## [Task]
The entries below are to be written out exactly, with no images included.

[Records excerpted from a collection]
■ ■ ■ ■ ■

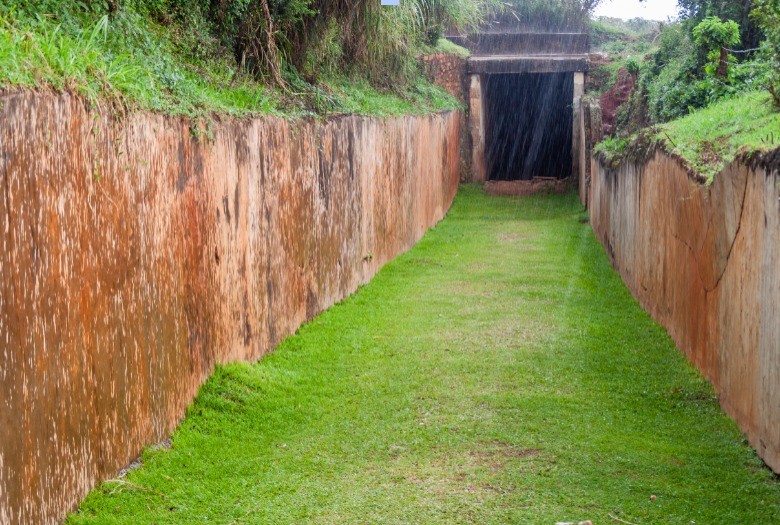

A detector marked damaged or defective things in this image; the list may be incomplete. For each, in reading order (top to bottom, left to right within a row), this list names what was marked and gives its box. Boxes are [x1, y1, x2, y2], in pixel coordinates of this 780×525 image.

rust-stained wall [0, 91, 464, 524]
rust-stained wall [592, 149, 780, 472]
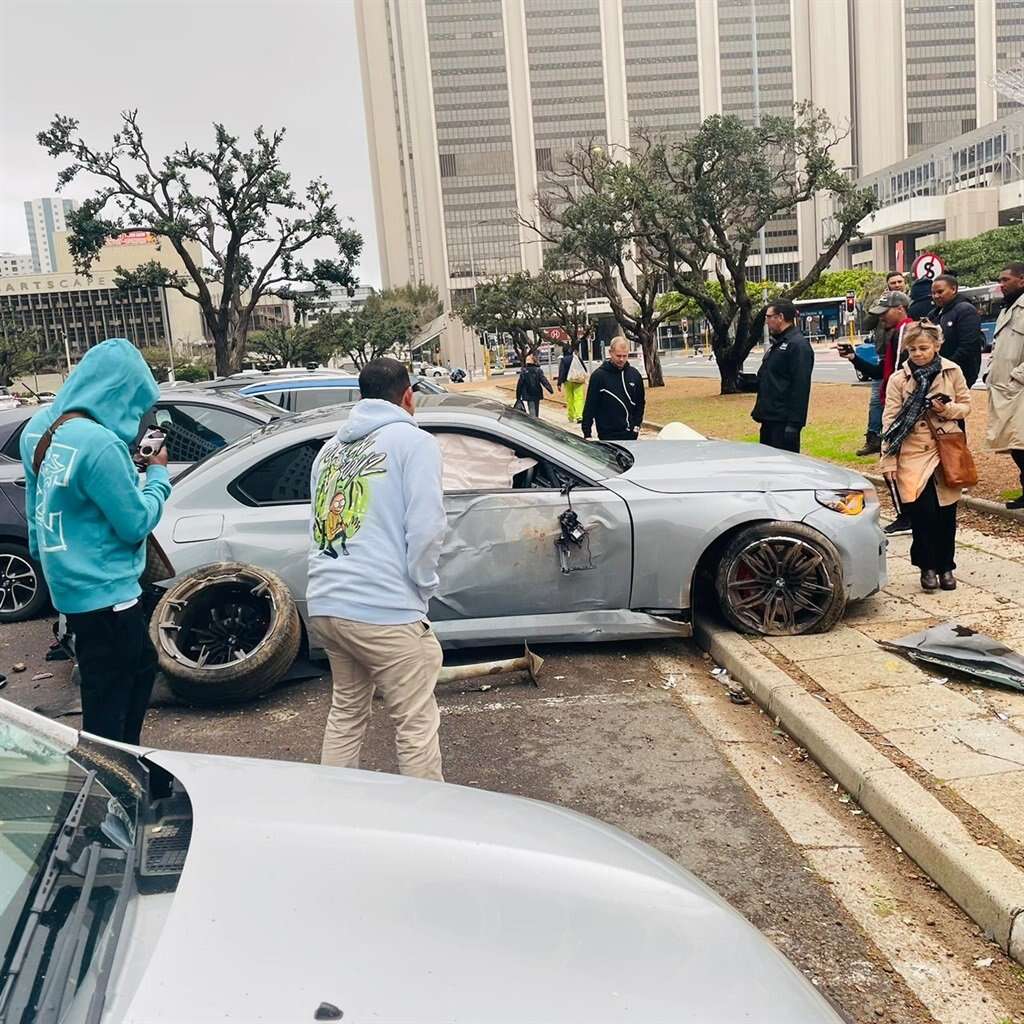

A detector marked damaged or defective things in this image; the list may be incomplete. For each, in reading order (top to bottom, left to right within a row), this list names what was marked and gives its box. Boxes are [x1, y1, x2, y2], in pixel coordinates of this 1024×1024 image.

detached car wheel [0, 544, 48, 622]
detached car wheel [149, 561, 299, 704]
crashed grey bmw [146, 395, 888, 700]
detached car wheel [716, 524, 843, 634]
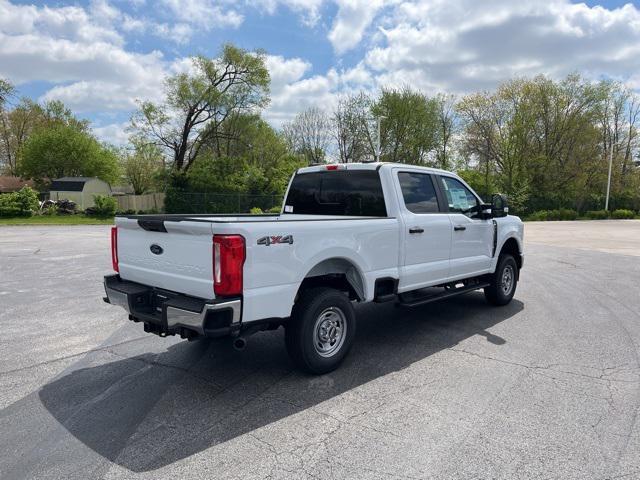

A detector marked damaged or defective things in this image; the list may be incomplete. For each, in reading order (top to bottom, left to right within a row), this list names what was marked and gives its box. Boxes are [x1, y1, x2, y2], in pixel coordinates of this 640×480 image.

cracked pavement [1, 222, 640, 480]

■ ■ ■ ■ ■

## [Written solution]
A detector marked damaged or defective things in this image; the list may be incomplete. For each, in reading order (top to bottom, left to right within a row), this list names what was marked and gives its box. Boxes are [x1, y1, x2, y2], in pixel coordinates of this 780×525 image.

rust-stained wall [0, 91, 464, 524]
rust-stained wall [592, 149, 780, 472]

A detector marked damaged or defective things in this image; the list may be incomplete. For each, in reading order (top to bottom, left to right within a row), this list names what was marked and gives its box. Boxes are [x1, y1, x2, y2], in pixel coordinates of this 1024×1024 image.

detached car wheel [0, 544, 48, 622]
detached car wheel [149, 561, 299, 704]
crashed grey bmw [146, 395, 888, 700]
detached car wheel [716, 524, 843, 634]

A detector marked damaged or defective things in this image; the list may be incomplete. For each, in reading order (top to bottom, left to right within a row), this list names what was marked and gives its box. Boxes are [x1, y1, x2, y2], in pixel coordinates of this 640×480 image.

cracked pavement [1, 222, 640, 480]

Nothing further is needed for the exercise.